**TASK ITEM**. Transcribe only what runs from the line containing "602 Muirfield Court, Jupiter, FL 33458" through the end of the listing, line for line and exactly, and omit the pictures.

**STUDY MATERIAL**.
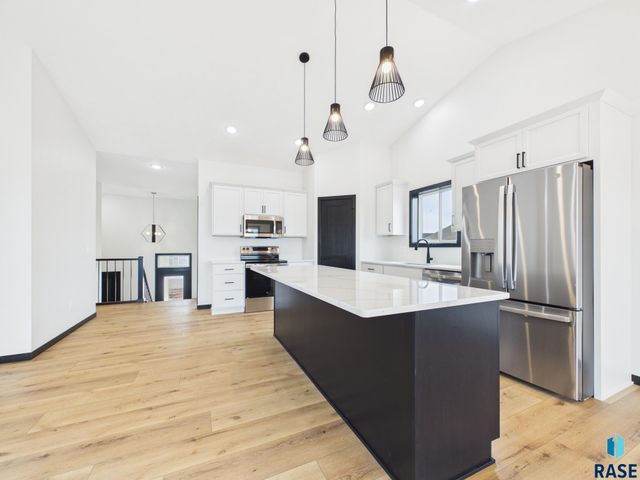 6808 E Dugout Ln Lane, Sioux Falls, SD 57110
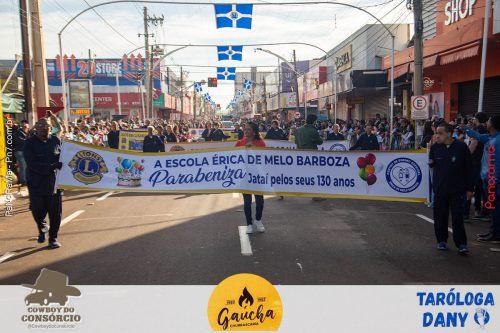 Desfile-Civico-Militar-emociona-e-atrai-multidao-no-aniversario-de-130-anos-de-Jatai-94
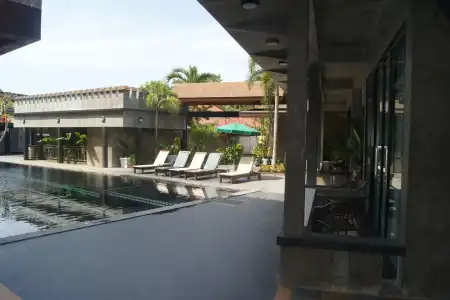 Green View Village Resort - 17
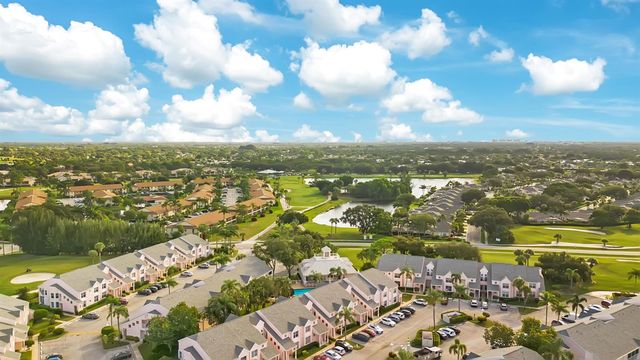 602 Muirfield Court, Jupiter, FL 33458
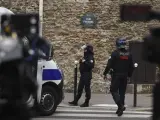 Presencia policial cerca del consulado de Irán en París, donde un hombre ha amenazado con inmolarse.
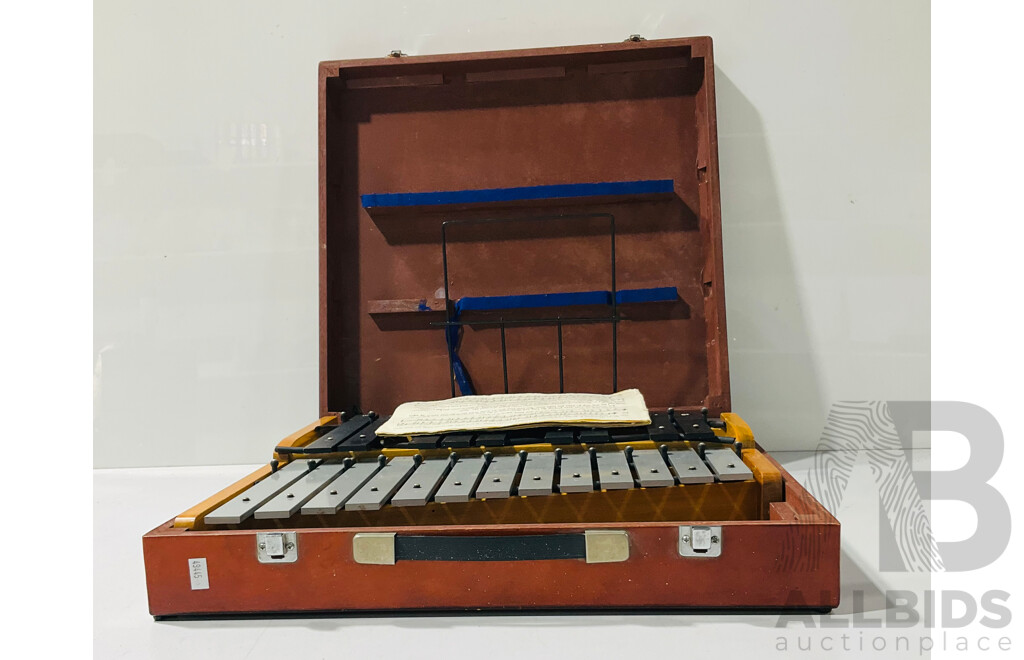 Suzuki Xylophone with Carrying Case - Missing Some Keys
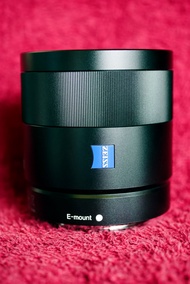 Sony Zeiss 24mm F1.8 ระสิทธิภาพของไพรม์เลนส์ ZEISS ที่น่าตื่นตา ไพรม์เลนส์ 24 มม. ชัดและความเปรียบต่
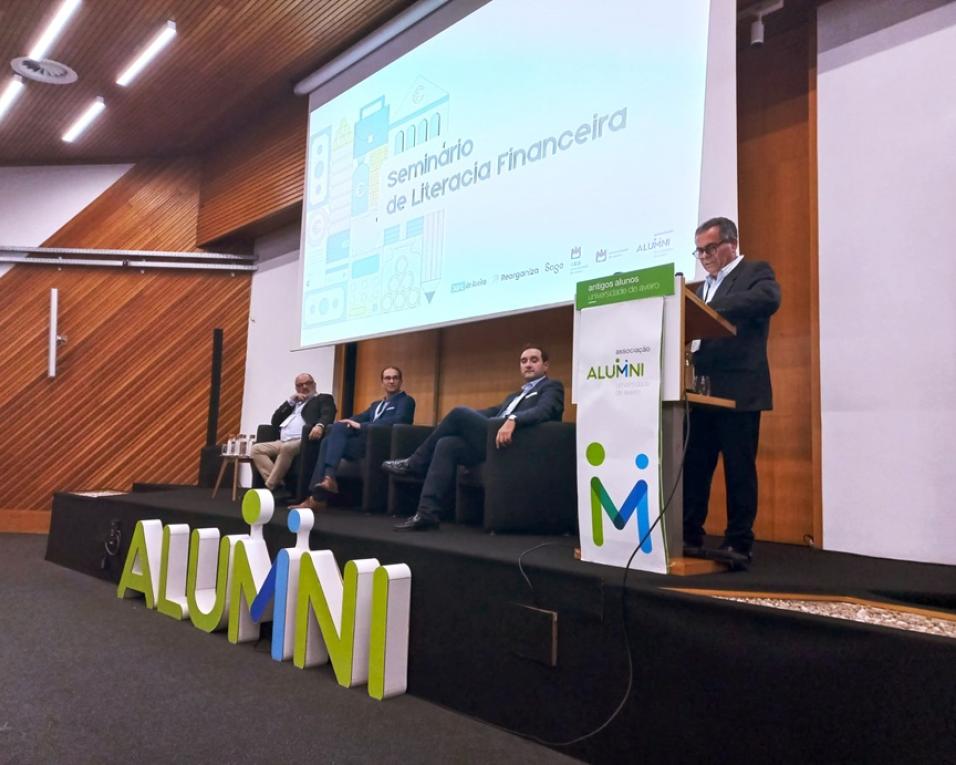 ssociação de Antigos Alunos da Universidade de Aveiro (AAAUA) organizou a 3ª. edição do Seminário de Literacia Financeira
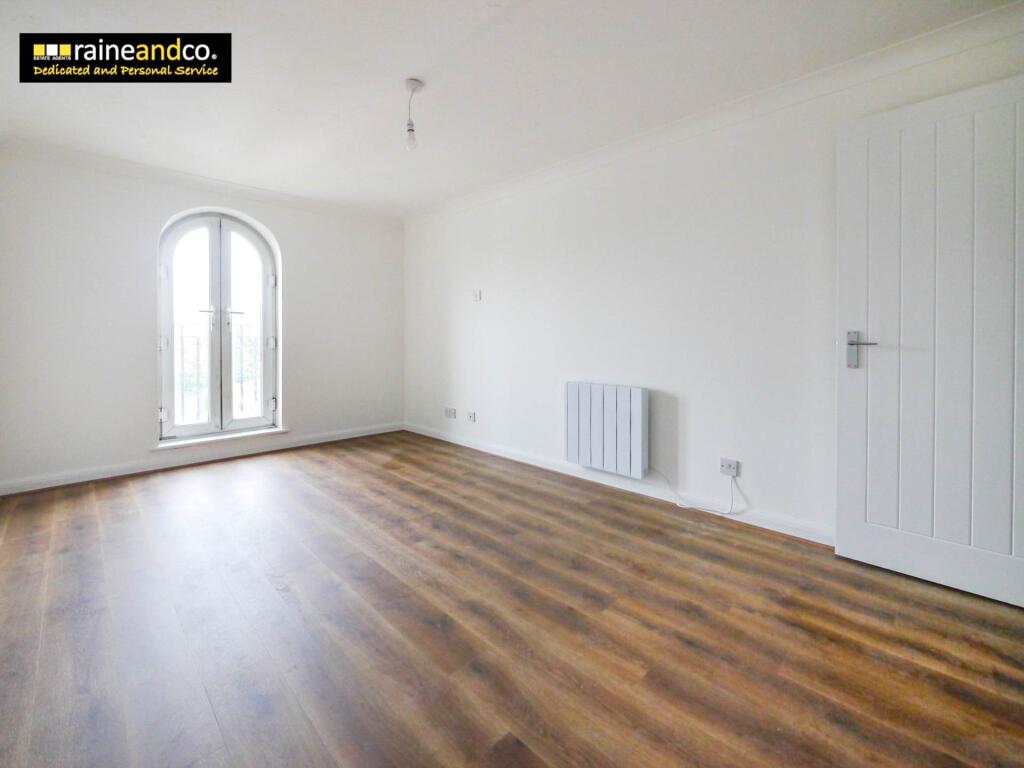 Additional image 19 of Walsingham Close, Hatfield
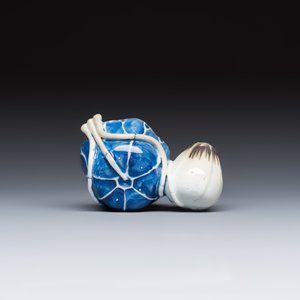 A Chinese blue, white and copper-red lotus-form water dropper — photo 7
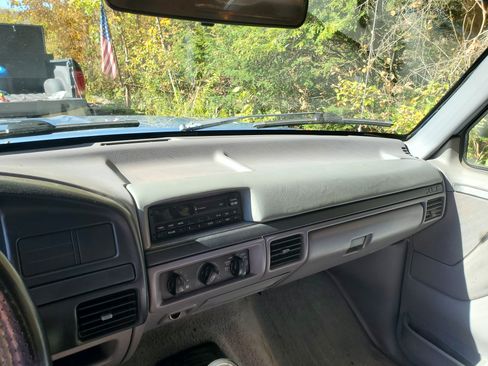 Used 1996 Ford Bronco image 24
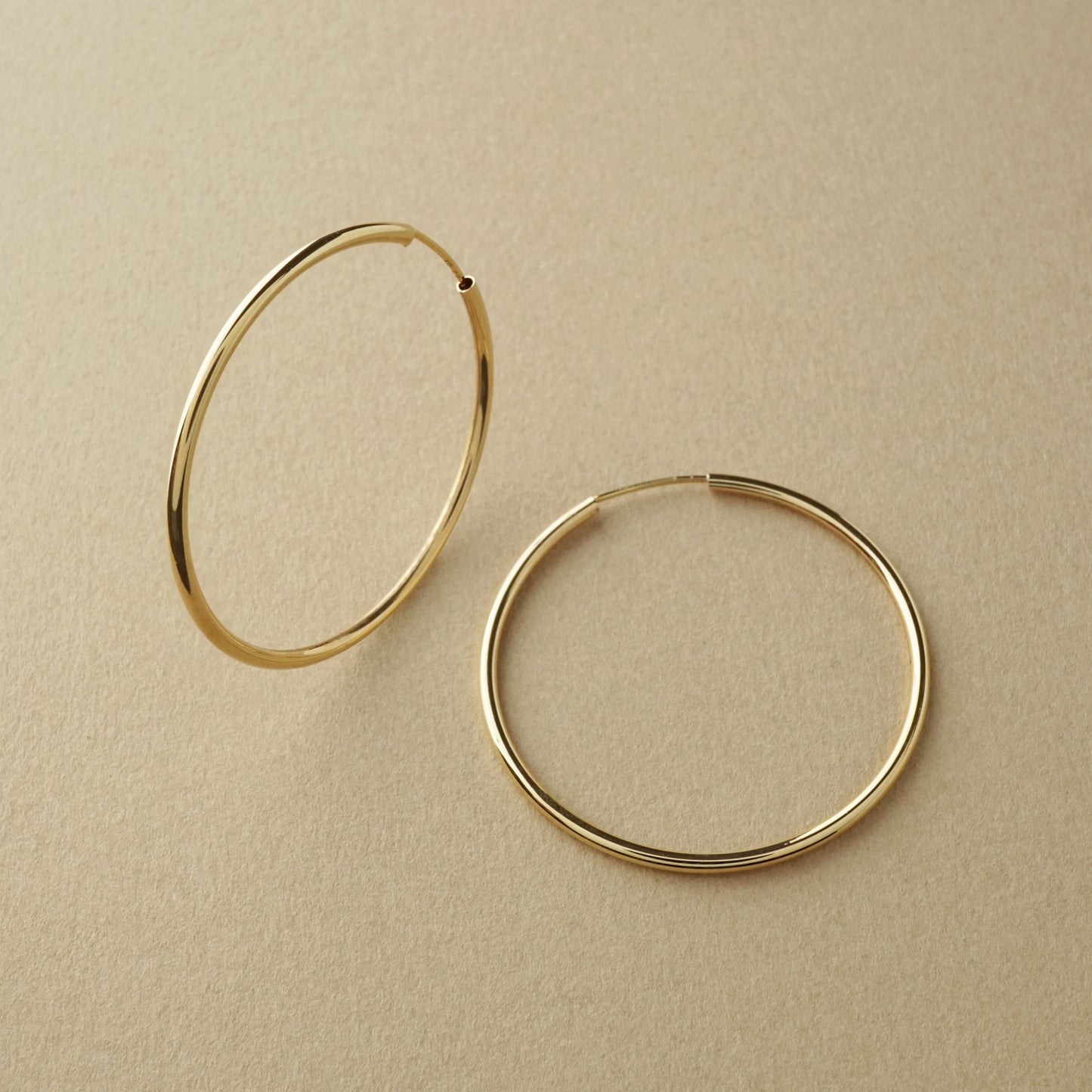 10K Seamless Pipe Hoop Earrings [32mm] (Yellow Gold) - Product Image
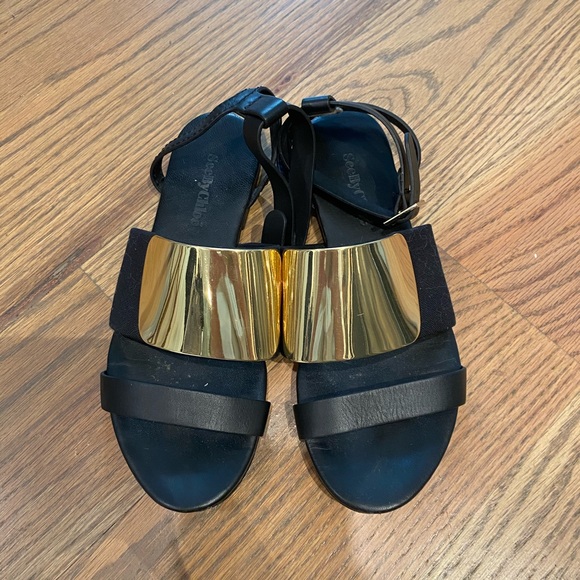 See By Chloe Shoes - See by Chloé Black/Gold Flat Leather Sandals US 7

**RESULT OF THE EXERCISE**.
 602 Muirfield Court, Jupiter, FL 33458
 Presencia policial cerca del consulado de Irán en París, donde un hombre ha amenazado con inmolarse.
 Suzuki Xylophone with Carrying Case - Missing Some Keys
 Sony Zeiss 24mm F1.8 ระสิทธิภาพของไพรม์เลนส์ ZEISS ที่น่าตื่นตา ไพรม์เลนส์ 24 มม. ชัดและความเปรียบต่
 ssociação de Antigos Alunos da Universidade de Aveiro (AAAUA) organizou a 3ª. edição do Seminário de Literacia Financeira
 Additional image 19 of Walsingham Close, Hatfield
 A Chinese blue, white and copper-red lotus-form water dropper — photo 7
 Used 1996 Ford Bronco image 24
 10K Seamless Pipe Hoop Earrings [32mm] (Yellow Gold) - Product Image
 See By Chloe Shoes - See by Chloé Black/Gold Flat Leather Sandals US 7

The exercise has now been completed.